Lovoo: Schwachstellen mittlerweile behoben

Lovoos Marketing-Vize Eric Jangor bestätigte gegenüber Motherboard die Ergebnisse des Testberichts. Die Weitergabe der sexuellen Orientierung an das Werbenetzwerk MoPub sei zwar bislang erfolgt, jedoch nicht aus kommerziellen Gründen. Vielmehr habe die von Lovoo verwendete Software zur technischen Verarbeitung der Anzeigen diese Nutzerinformation "standardmäßig" an den Werbepartner durchgeleitet, so Jangor. Soll heißen: ohne sich darüber im Klaren zu sein. Als das Unternehmen durch den ursprünglichen Blogpost vom 7. November darauf aufmerksam wurde, habe man unverzüglich gehandelt. Seit einer Woche sei die Option nun deaktiviert.

Auch die unverschlüsselte Weitergabe der Daten an MoPub gehöre der Vergangenheit an, sagt Jangor. Mittlerweile würden Nutzerdaten nur noch verschlüsselt an die Werbepartner geschickt.

Die Kritik, Lovoo würde Chat-Nachrichten aufgrund laxer Sicherheitsvorkehrungen nicht verschlüsseln, möchte Jangor jedoch nicht gelten lassen. Da App-Nutzer die Nachrichten, die sie auf ihrem Handy erhalten, auch auf dem Desktop lesen sollen können, verzichte Lovoo auf die Ende-zu-Ende-Verschlüsselung.
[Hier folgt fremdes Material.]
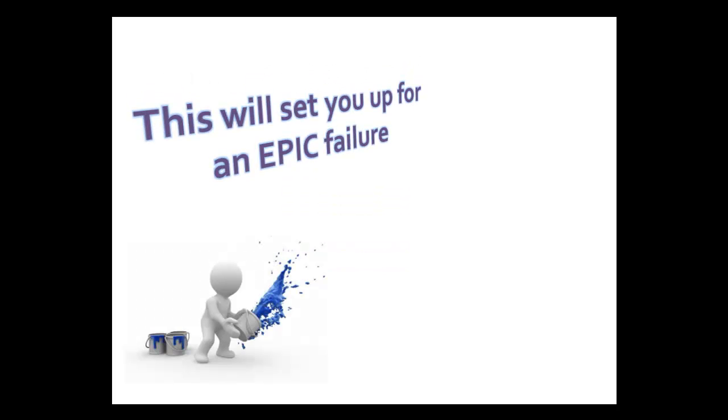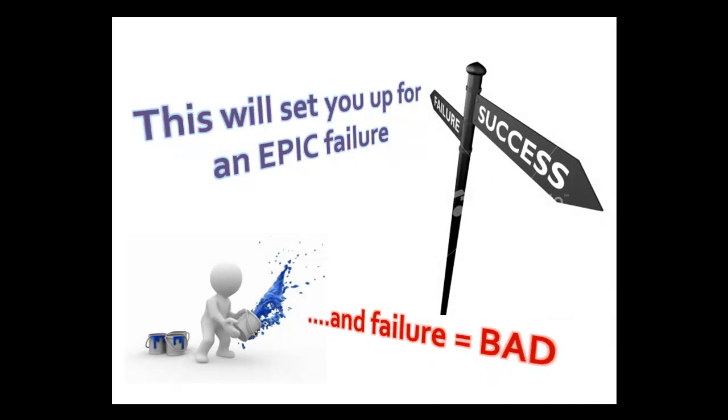Like they always say, location, location, location. You might think, well put a healthy vending machine next to a place you put a traditional one, right? And everyone will buy from the healthy one. Wrong. So wrong that this will set you up for failure. I mean epic failure.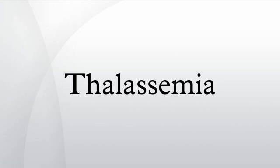The name of this condition derives from the Greek thalassa and haema. The term was first used in 1932.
Das Werbenetzwerk MoPub sagt auf Motherboard-Anfrage, es habe keine Daten über die sexuelle Orientierung von Lovoo-Nutzern erhalten. Zudem verbiete MoPubs Datenschutzbestimmung die Verwendung solcher sensibler Daten, so die Sprecherin Laura Pacas.

Die Flirt-App war bereits im Jahr 2015 wegen Fake-Profilen in die Negativschlagzeilen gekommen. Laut interner Dokumente, die dem Computermagazin c’t zugespielt worden waren, hätten Lovoo-Mitarbeiter mit gefälschten Profilen von Frauen männliche Nutzer dazu gebracht, kostenpflichtige Angebote der App zu kaufen. Die Mitarbeiter sollen auf Anweisung der Lovoo-Geschäftsführung gehandelt haben. Das Ermittlungsverfahren wurde letztes Jahr gegen Geldauflagen von 1,2 Millionen Euro eingestellt.